▶ INFORMATION PROVIDED:
________________
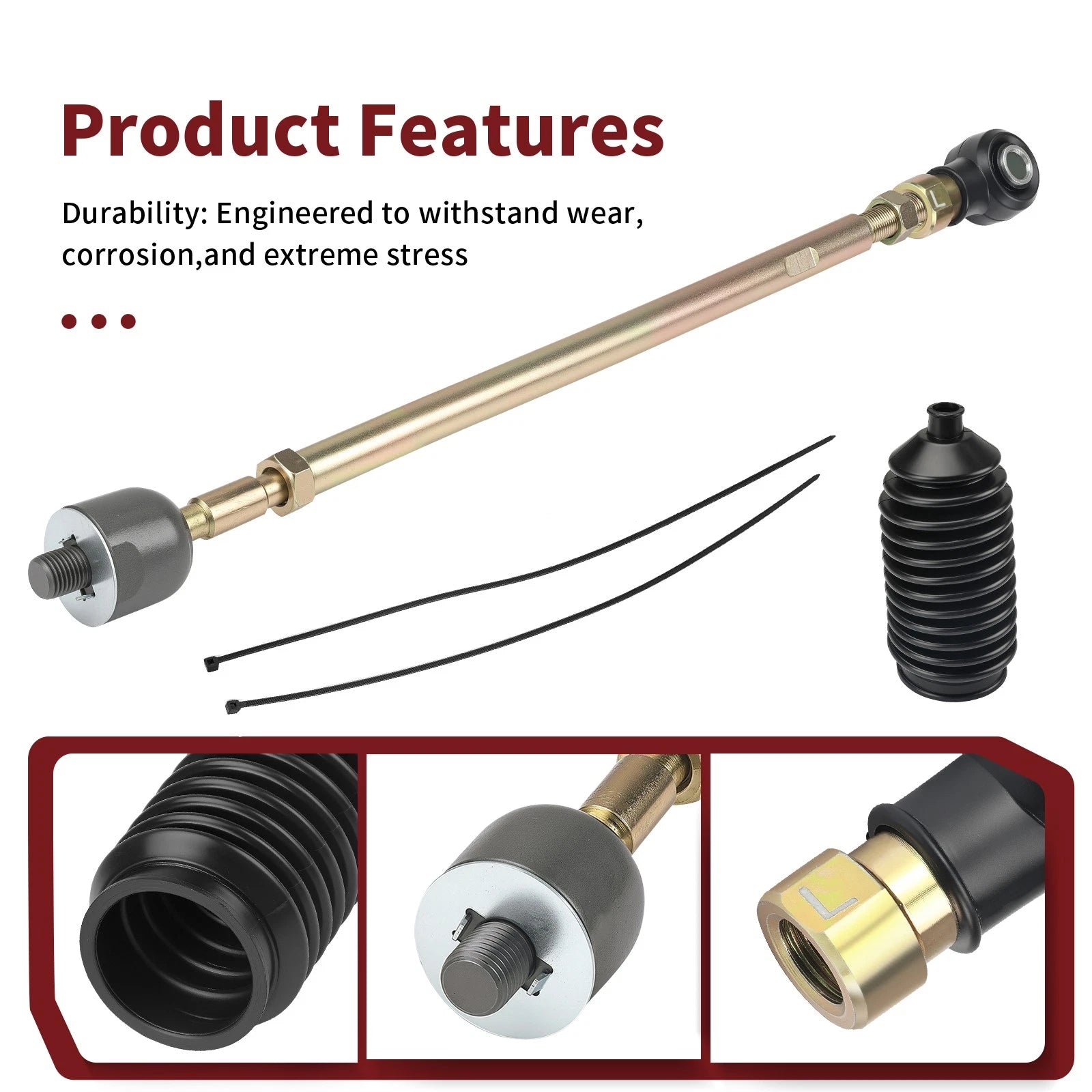 Left Steering Rack Tie Rods for Polaris Ranger (400-1000)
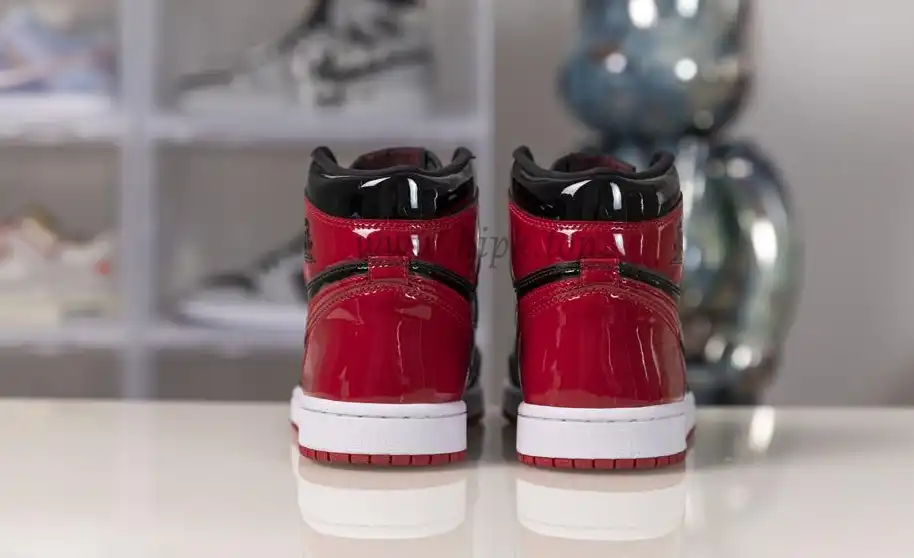 Pk God air jordan 1 retro Patent bred retail materials ready to ship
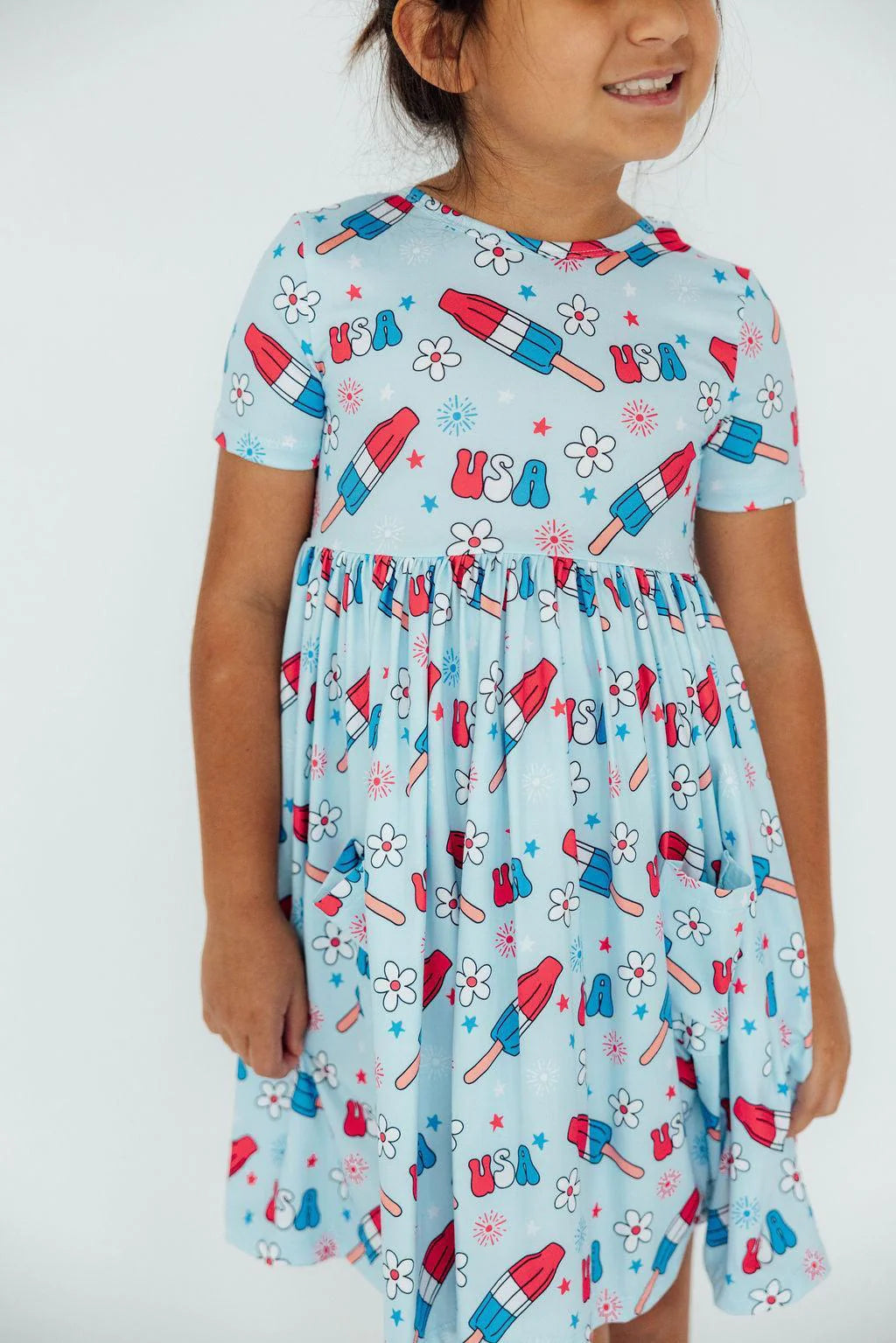Mila & Rose: Proudly Patriotic Pocket Twirl Dress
________________
▶ PROBLEM DETAILS: The listing above must be repeated exactly, apart from the pictures.

▶ TASK RESULT:
 Left Steering Rack Tie Rods for Polaris Ranger (400-1000)
 Pk God air jordan 1 retro Patent bred retail materials ready to ship
Mila & Rose: Proudly Patriotic Pocket Twirl Dress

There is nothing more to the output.